### Prompt:
Exclude the images, then return every line below exactly as written.

### Material for this exercise:
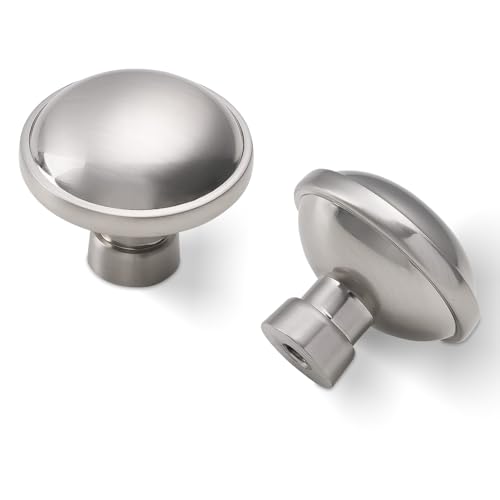 10 Pack Kitchen Cabinet Knobs Brushed Satin Nickel Cabinet Handles Silver Drawer Knobs Kitchen Hardware - color: Brushed Satin Nickel, size: 1-1/4'' Diameter(32mm)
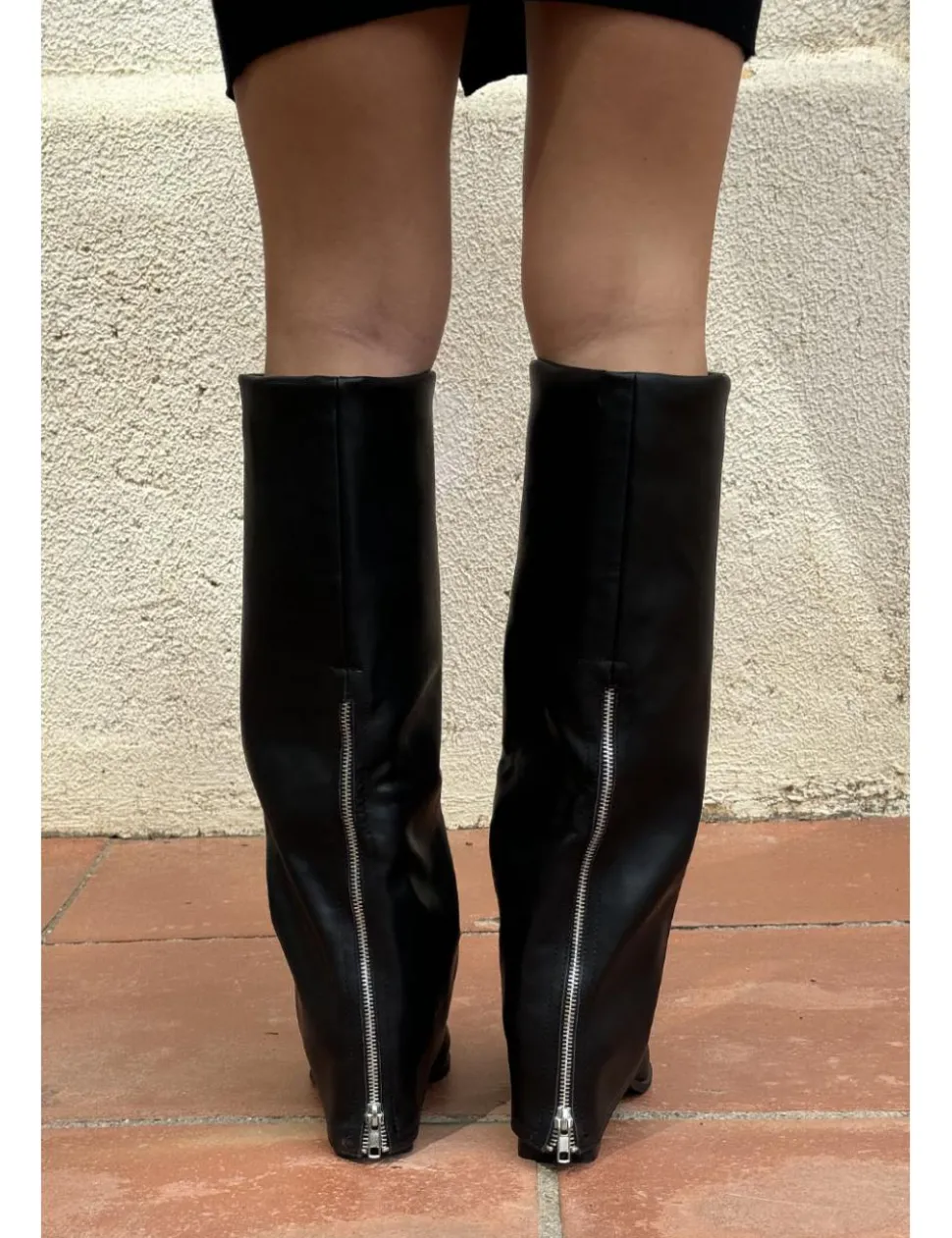Botas polaina símil piel negras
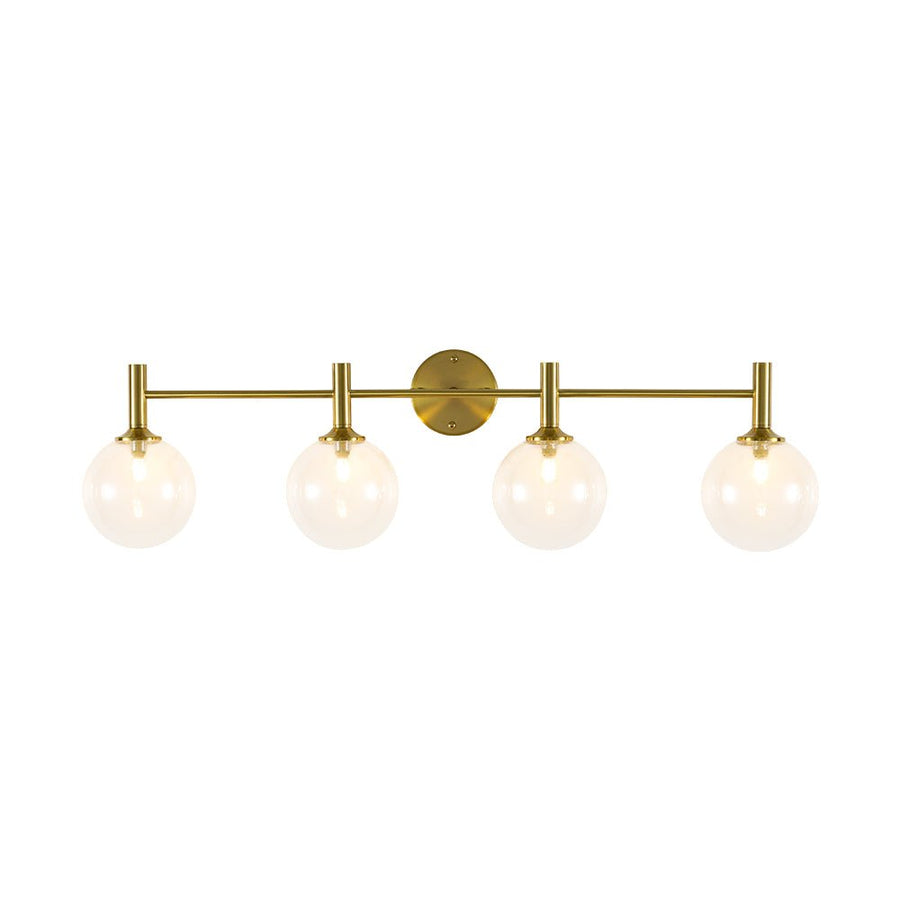 Farmhouze Light - Modern Brass 4 - Light Glass Globe Bathroom Vanity Light - Chandelier - Clear - 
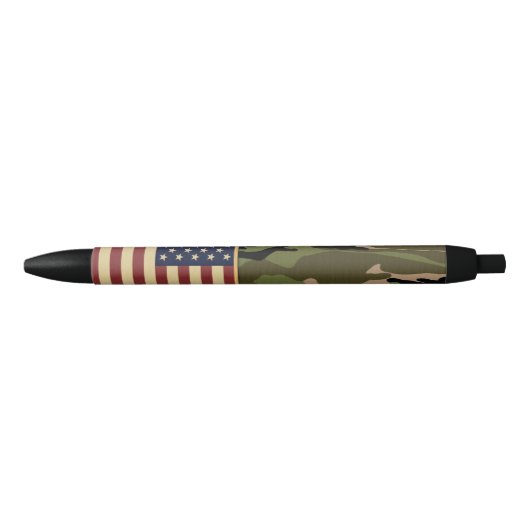 Stylo Noir Drapeau américain (Devant)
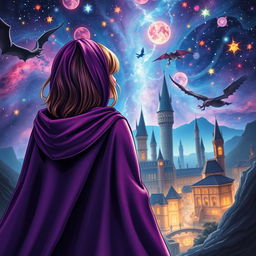 The book cover features a blend of Marvel and Harry Potter themes, showcasing a girl seen from behind wearing a vibrant purple cloak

### Result:
 10 Pack Kitchen Cabinet Knobs Brushed Satin Nickel Cabinet Handles Silver Drawer Knobs Kitchen Hardware - color: Brushed Satin Nickel, size: 1-1/4'' Diameter(32mm)
Botas polaina símil piel negras
 Farmhouze Light - Modern Brass 4 - Light Glass Globe Bathroom Vanity Light - Chandelier - Clear - 
 Stylo Noir Drapeau américain (Devant)
 The book cover features a blend of Marvel and Harry Potter themes, showcasing a girl seen from behind wearing a vibrant purple cloak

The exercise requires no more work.